The good news is that SIRIUS is back on 9 August at the same killer venue – Bloemendal Durbanville which sports a gorgeous 360° view of Cape Town for a true indoor/outdoor party experience, perfect for dancing [trancing] away the winter blues.
One of the highlights on August 9 will surely be Interactive Noise, a producer who seemingly appeared from nowhere with his unique mixture of progressive and techno beats. Hugo answered us in his best Mexican flavoured English…
From zero to hero. Your sudden rise to ‘fame’ as a producer did happen very quickly although I am sure for you it felt much longer. How long were you producing in your ‘bedroom’ before a track got noticed?
That´s true it felt much longer than it looks; a lot of things happened before Interactive Noise was born which was around 5 years ago… which is when I released my first track. But before I managed to create a professional sound I was really working in different musical genres in my home studio for maybe around 4 years.
Whilst you do use the offbeat a lot (Hamburg signature sound) your bass seems to have more ‘growl’ and be a little sleazier than many of the German ‘offbeat’ producers. I put it down to your Mexican heritage – to me it’s a bit more psychedelic. Do you agree with my observation that your sound is sleazier and more psychedelic than the German stuff?
Yes my bass is different and sleazier; my style is to create certain oscillations between Trance and Techno music with some complicated processes of production that I think creates part of the psychedelic feeling.
Did you grow up on psytrance parties or techno parties? – Your sound is a very interesting mix of the genres…
I grew up in both styles of parties; usually I play in parties which includes different styles of electronic music. Sometimes I do the transition between techno and trance music too.
When you started out making tunes, which artists were your biggest influence?
I really did not have just one influence or guide to create my music. I always listened to all kinds of music and I think there is a lot of good stuff with which we can be influenced so we can bring new things into our music. However in the beginning for trance music I was impressed by the work of Bitmonx & DJ Fabio, Neelix, Daydin, Antix, Ace Ventura, D-Nox & Beckers and Astrix. In fact some of them continue to impress me.
And today… which artists do you think are at the top of their game?
It’s so difficult to say who is at the top. In music there is not something like “absolute truth,” it’s a matter of current taste.
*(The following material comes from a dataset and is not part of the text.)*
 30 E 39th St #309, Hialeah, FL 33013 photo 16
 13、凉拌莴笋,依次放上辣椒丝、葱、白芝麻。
There are a lot of very good producers… I think the important point is to make something original. Without doubt this would always put you up in the first positions for me.
What’s the Mexican scene like?
The Mexican electronic scene is big, maybe one of the biggest. A lot of festivals, parties and currently “after parties.” We’re still on the road to getting the perfect festival but for sure we have some really cool parties. On the producer side this is increasing; our ability to create music is getting better and better so undoubtedly we are in a good state.
Any Producers from Mexico we should be looking out for?
There are a lot of producers in Mexico but without doubts Durs, Jiser and Ecliptic are among the most prominent.
In many places worldwide, psytrance (and progressive psytrance) still does not register as part of the electronic music world. E.g. Ibiza does not really have prog trance nights and when people talk about dance music they don’t refer to trance unless it is the type that Tiësto, Armin Van Buuren etc play. How is it in Mexico? Do different styles of producers mix together more?
In Mexico it’s different. Progressive psytrance is growing up in a big way – every weekend there are a lot of parties of psytrance music. I think so much so that I dare to say that over 50% of people who listen to electronic music are listening to trance and I’m not referring to only the names you mention.
You’ve played in South Africa before. What do you remember of the experience?
I have only one word to describe it “Amazing”. In fact I never imagined going to South Africa through this work and it changed my view of a lot of things. There I met great people with such nice vibes and the party was cool. One thing I will never forget in my life is when I touched a lion and a tiger – this was really impressive. I am really looking forward to coming back.
What is the biggest difference to the sound of Interactive Noise in 2013 to when your first breakthrough EP, PLAY, was released in 2010?
I think the project has moved more toward the trance side of things and of course I produce a much higher quality of sound now. I use way more complex production processes.
Last question: if you weren’t a producer playing all over the world, what would your job be?
Doubtless I love my current job but if not had been this one I would have liked to work on industrial design.